Figure 3: Mud weight and circulating profile for well Kvitebjørn 34/11-A-13 were based on known pressure data from previously drilled wells where the pressure gradient declined from 1.92 sg at the top of the reservoir to 1.82 sg at the base.

The next stage was the inclusion of the CCS in the MPD planning for the Kvitebjørn wells. This occupied approximately two years, during which engineering studies and extensive testing of the MPD package were carried out to ensure the compatibility of all the technologies involved. Hazard identification and hazard operability studies were also conducted together with regular meetings with Norway’s Petroleum Safety Authority to keep it advised and gain its support.

Trials of the BMP and the CCS were carried out at the Ullrig facility in Stavanger prior to offshore operations.
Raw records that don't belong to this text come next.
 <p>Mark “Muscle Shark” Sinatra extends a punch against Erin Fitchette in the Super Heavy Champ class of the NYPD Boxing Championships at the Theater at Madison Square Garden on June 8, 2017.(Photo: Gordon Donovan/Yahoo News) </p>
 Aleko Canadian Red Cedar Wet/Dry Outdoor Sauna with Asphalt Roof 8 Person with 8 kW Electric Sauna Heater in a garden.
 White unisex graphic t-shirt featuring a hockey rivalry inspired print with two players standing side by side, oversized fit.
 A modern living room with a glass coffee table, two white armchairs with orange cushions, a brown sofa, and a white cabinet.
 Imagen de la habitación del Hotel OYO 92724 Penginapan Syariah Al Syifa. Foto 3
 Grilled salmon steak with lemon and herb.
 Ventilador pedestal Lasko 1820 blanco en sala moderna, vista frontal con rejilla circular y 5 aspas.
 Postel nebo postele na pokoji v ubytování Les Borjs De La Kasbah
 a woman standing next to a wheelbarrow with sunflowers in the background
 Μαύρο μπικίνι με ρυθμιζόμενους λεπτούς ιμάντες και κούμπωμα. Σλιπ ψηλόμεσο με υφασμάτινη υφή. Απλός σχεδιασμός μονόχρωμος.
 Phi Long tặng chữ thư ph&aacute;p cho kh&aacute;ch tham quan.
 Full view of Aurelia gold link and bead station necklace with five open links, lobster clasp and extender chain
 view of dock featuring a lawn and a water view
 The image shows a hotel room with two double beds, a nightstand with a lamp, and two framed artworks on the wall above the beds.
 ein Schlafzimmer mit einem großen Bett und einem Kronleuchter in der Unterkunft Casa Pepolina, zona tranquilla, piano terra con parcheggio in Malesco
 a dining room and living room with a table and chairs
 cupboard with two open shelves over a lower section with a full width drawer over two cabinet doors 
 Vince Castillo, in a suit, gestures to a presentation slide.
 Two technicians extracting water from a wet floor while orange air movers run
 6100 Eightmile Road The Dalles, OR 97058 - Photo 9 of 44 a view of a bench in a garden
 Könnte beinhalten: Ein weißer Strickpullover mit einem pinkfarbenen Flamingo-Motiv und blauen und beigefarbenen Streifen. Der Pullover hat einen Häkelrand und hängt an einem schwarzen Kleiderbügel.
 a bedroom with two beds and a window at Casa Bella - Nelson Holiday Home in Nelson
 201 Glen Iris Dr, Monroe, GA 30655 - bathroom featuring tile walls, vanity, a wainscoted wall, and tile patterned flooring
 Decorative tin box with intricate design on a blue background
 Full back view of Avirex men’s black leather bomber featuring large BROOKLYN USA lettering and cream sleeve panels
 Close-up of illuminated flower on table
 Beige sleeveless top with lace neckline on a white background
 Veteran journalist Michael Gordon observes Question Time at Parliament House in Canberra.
Installation of the MPD package on the small, automated Kvitebjørn platform required careful planning, and considerable effort was expended on commissioning and testing the systems. For the CCS, the main components were as shown in Figure 2 and are essentially standard for all installations. The main items are:

• The Main Unit, which is located over the rotary table when in use. When offline, a set-back, servicing and testing area is required, which must be accessible by a rig crane;

• The mud diverter manifold (MDM), which can be located anywhere convenient for connection to the high-pressure mud delivery line between the mud pumps and the standpipe manifold. An isolation manifold in the high-pressure mud line for connection to the MDM is the main modification to the rig required for the CCS. High-pressure flexible hoses connect the MDM to the CCS;

• Control container and high-pressure power unit. This houses the computer control system and the hydraulic fluid power supply for the system and can be located anywhere from which the hydraulic hoses and fibre-optic cables can be safely run to the rig floor; and

• Control panel located at the driller’s position, from where the CCS is operated.

The other essential components – the extension saver sub and top drive interface – are picked up and installed when the CCS is located on the rig floor over the well.

Prior to commencing an operation with the CCS, it is essential that a survey of the rig/platform is carried out before planning the layout of the components and where hydraulic control hoses, cables and high-pressure mud hoses can be safely positioned to minimize tripping hazards, pinch points, etc. This was particularly important because of the small size of the Kvitebjørn platform and the space required for the PCWD equipment. After installation and testing, time was allocated to familiarize and train the drilling crew on operations with the PCWD and CCS equipment.

In addition to the equipment, four/five personnel were required to service and operate the CCS on a two per 12-hr shift rotation, plus supervisor. This had an impact on the available rig accommodation.


After completing the tests at the Ullrig facility, Kvitebjørn 34/11-A-13 was the first well on which MPD was used (SPE/IADC 114484). After being synchronized with the rig operating systems, the CCS performed reliably as part of the MPD package. Considerable time was devoted to training the drilling crews on operations with the combined MPD installation and CCS before starting drilling. This included rigging up the CCS over the well and making and breaking connections with no circulation; dry connections, before starting circulation and repeating the process with live drilling fluid in the system. The CCS was finally employed once the BHA had been run and washed to bottom in open hole and the MPD drilling parameters had been established while circulating the Cs/K drilling fluid. The mud weight and circulating profile were based on the known pressure data from the previously drilled wells where the pressure gradient declined from 1.92 sg at the top of the reservoir to 1.82 sg at the base (Figure 3). The objective was to start drilling with an ECD of 1.94 sg and maintain this 0.02-sg margin over the measured pore pressure as the reservoir was penetrated.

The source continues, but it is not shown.